Instructions to follow: Each line of the data below between the one containing "Hey guys, so" and the one containing "We also have", both included, is to be repeated exactly. Please omit pictures.

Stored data
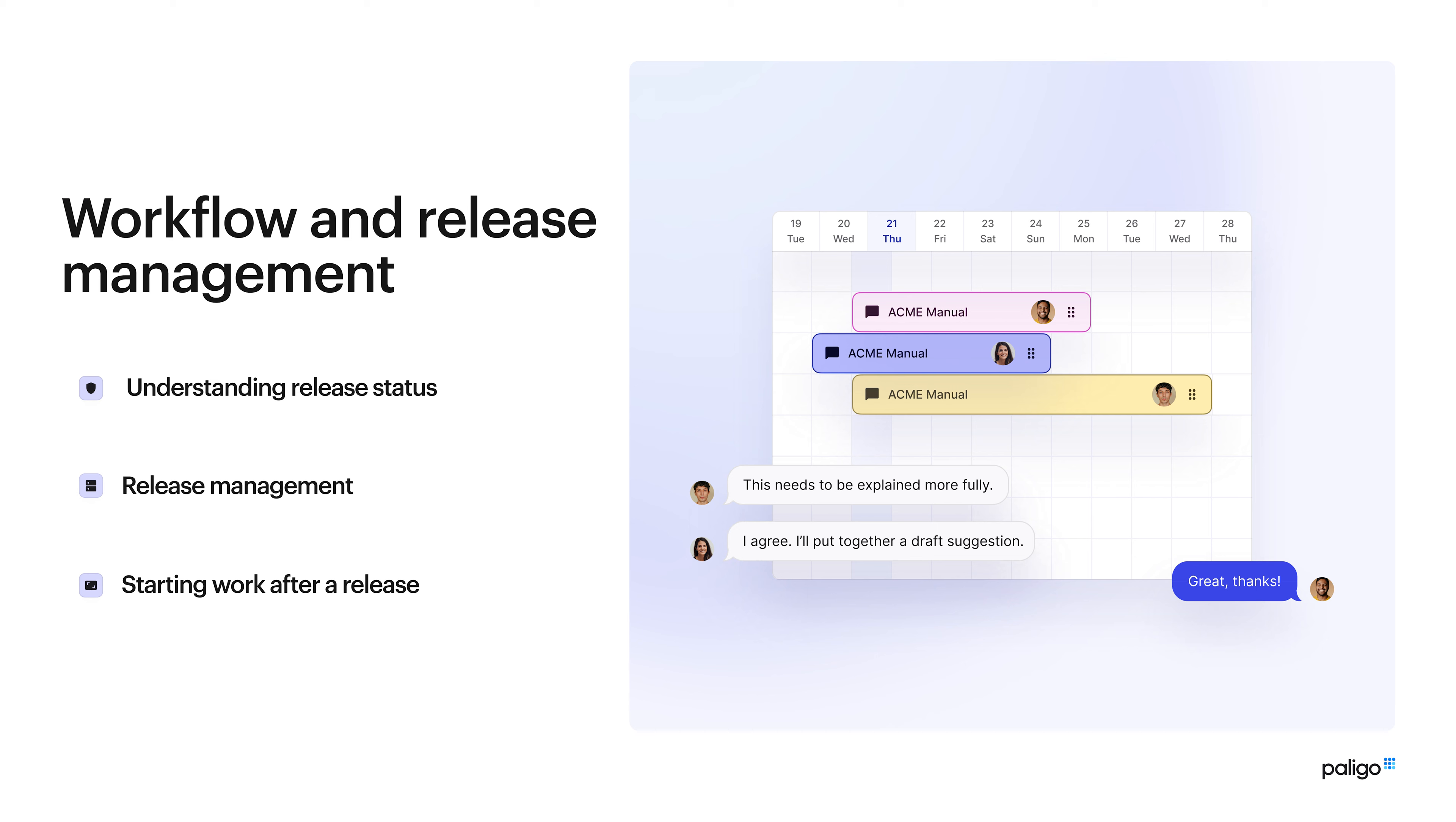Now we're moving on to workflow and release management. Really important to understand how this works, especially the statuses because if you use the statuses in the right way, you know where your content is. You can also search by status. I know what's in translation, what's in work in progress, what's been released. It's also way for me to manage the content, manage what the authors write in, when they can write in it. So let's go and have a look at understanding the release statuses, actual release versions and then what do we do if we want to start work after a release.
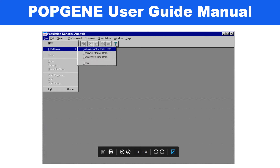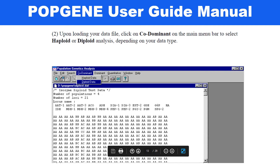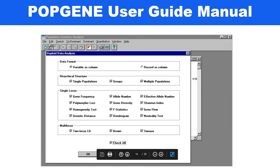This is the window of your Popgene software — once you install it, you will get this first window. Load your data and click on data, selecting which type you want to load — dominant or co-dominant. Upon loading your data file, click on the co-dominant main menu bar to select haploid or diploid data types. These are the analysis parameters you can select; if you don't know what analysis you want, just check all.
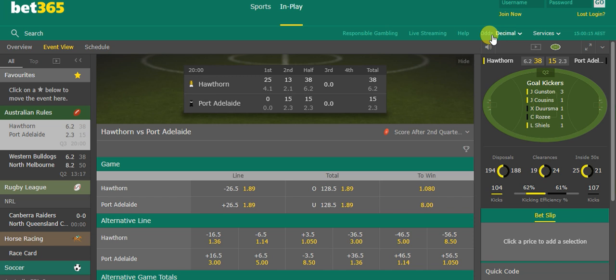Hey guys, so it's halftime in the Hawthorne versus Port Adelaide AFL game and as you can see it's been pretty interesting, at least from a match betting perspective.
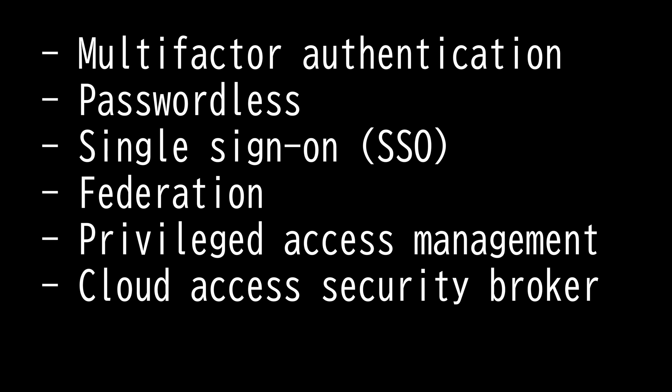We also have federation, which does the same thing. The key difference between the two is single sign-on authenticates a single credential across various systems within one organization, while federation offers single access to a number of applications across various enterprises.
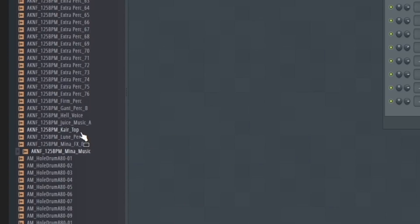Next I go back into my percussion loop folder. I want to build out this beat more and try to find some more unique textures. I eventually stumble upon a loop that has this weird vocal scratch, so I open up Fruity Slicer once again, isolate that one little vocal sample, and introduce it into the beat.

Exercise output:
Hey guys, so it's halftime in the Hawthorne versus Port Adelaide AFL game and as you can see it's been pretty interesting, at least from a match betting perspective.
We also have federation, which does the same thing. The key difference between the two is single sign-on authenticates a single credential across various systems within one organization, while federation offers single access to a number of applications across various enterprises.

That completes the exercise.